At SaaStr + AI Summit 2025, Jason Lemkin and Kyle Norton CRO of $1B+ vertical SaaS leader Owner (where Jason is on the board) did a deep dive on AI in Sales today.
And where it will be very soon.
The AI-Native CRO: How Revenue Leaders Must Evolve or Risk Obsolescence
4 Top Learnings for Revenue Leaders
1. AI Curiosity Is Now a Firing Offense to Lack. By the end of this quarter, team members who aren’t genuinely AI-curious should be let go. This isn’t about being an AI expert—it’s about demonstrating active engagement with AI tools and genuine interest in how they can transform sales outcomes.
2. The 50/50 Team Is Coming Fast. CROs will need to manage teams that are 50% AI agents and 50% human by end of year. This requires entirely new management skills focused on systems optimization, not just people leadership.
3. AI Amplifies Performance Gaps Top performers will see exponential gains from AI augmentation while average performers struggle to adapt. The performance distribution in sales teams will become dramatically wider, forcing tough talent strategy decisions.
4. Revenue-Generating Time for Reps Can Hit 70-80% With AI. Companies are currently achieving 25-30% increases in revenue-generating activity time through intelligent automation. The goal is 70-80% revenue-focused work, compared to the traditional 20-30% most reps achieve today.
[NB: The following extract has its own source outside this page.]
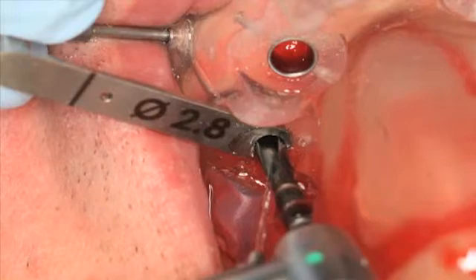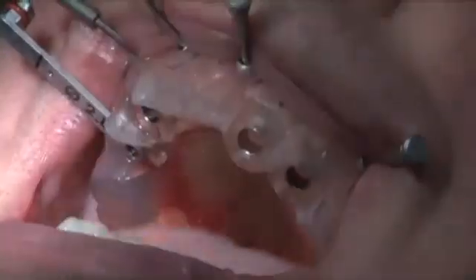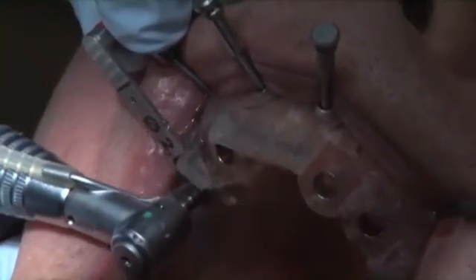Figure 12 and Video 3 show the next step drill — the osteotomy drill — which is a 2.8 diameter drill. We use a 2.8 diameter drill key, which will help guide this 2.8 millimeter diameter drill.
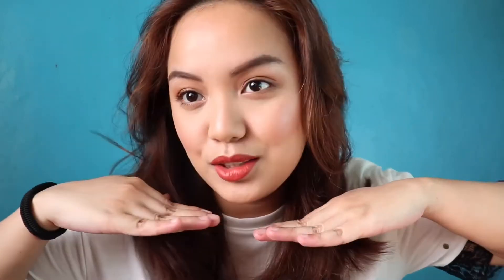Hi guys! Welcome back to my channel. For today's video, I will be sharing with you my fresh makeup routine for the year 2019. So if you want to know how I did this look, just keep on watching.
This is one of Kyle’s top AI goals for his team.
The New Reality: AI Isn’t Coming, It’s Here
The uncomfortable truth that every CRO needs to hear: By the end of the quarter, team members who aren’t genuinely AI-curious should be shown the door. That’s not hyperbole—that’s the new competitive reality. Just talking about AI isn’t enough. They need to be using it to improve efficiency every single day.
Companies like Bamboo HR and Scale AI are already automating their entire sales and revenue operations using AI-powered customer conversation analysis. Meanwhile, others are seeing 3-4x productivity increases per rep through intelligent automation. The delta between adopters and laggards isn’t just growing—it’s becoming insurmountable.
At Owner, selling ~$10K ACV deals to tiny businesses that “don’t typically buy software,” the AI transformation has been mission-critical. They’ve increased revenue-generating activity time by 25-30% by automating CRM updates, note-taking, and pipeline management.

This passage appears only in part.